Deeplearning4J Integration - Textprocessing
The Textprocessing Extension for the KNIME Deeplearning4J Integration adds the Word Vector functionality of Deeplearning4J to KNIME. This means that you can create so called Neural Word Embeddings which are very useful in many applications.
Installation details can be found here.
Generally, a Neural Word Embedding is just a numerical representation (vector of real numbers) that represents a word or even a whole document. This can be done using methods called Word2Vec or Doc2Vec that train a neural network which learns the structure of the text. One nice property of this network is that the size of the output layer can be user specified which directly correspond to the size of the resulting vector. Hence, we can choose what dimensionality our output should have. Therefore, we can effectively describe text in a low dimensional vector space.
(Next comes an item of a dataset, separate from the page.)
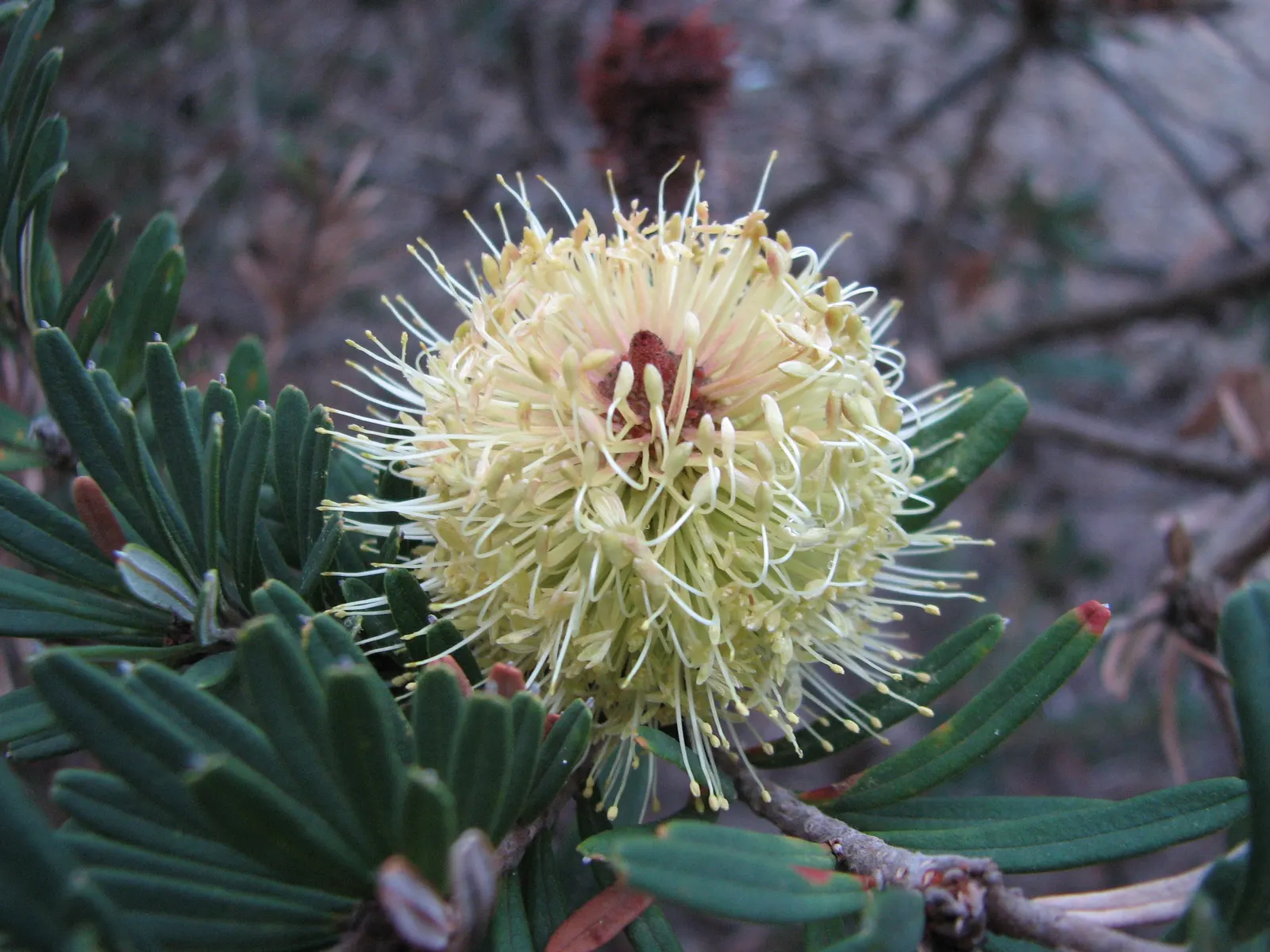 Banksia (Banksia Cvs.) — thriving in well-drained soils and full sun; belonging to the genus named after the famous botanist Sir Joseph Banks, image 105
The following Nodes are contained in the Textrocessing Extension for the KNIME Deeplearning4J Integration:
Word Vector Learner
The Word Vector Learner Node is used to train a Word2Vec or Doc2Vec model. The input of the Node can either be a String column or a Document column from KNIME Textprocessing. If the Node is configured to learn a Doc2Vec model the Node expects a additional String column containing a class attribute for each document. The output of the node is a trained word vector model which can be used by other nodes of this extension. All learning specific parameters like the size of the output layer can be adjusted in the Node Dialog.
The Vocabulary Extractor Node takes in a word vector model and outputs the learned words with corresponding word vectors as a table. Thereby, the output contains one column holding the word and one column holding the word vector as a collection column.
Word Vector Apply
The Word Vector Apply Node is used to apply a learned word vector model to documents. This is used to convert a document into a word vector representation using a previously trained model. By default the Node replaces all word contained in the input document by the corresponding word vector from the model. Word which are not contained in the model will be skipped. This results in a collection of word vectors for each input document. Additionally, the Node has a option to calculate the mean of all word vectors which will result in one singe vector which represents the document.
Examples Workflows can be found on the public Example Server.
Deeplearning4J IntegrationTextprocessing and GPU
Due to the implementation of the textprocessing functionality in the Deeplearning4J library, it is recomended to execute all Deeplearning4J Integration -Textprocessing nodes using the CPU. Performance on GPU may be sigificantly lower.
The KNIME Deeplearning4J Integration is available under the same Licence as KNIME.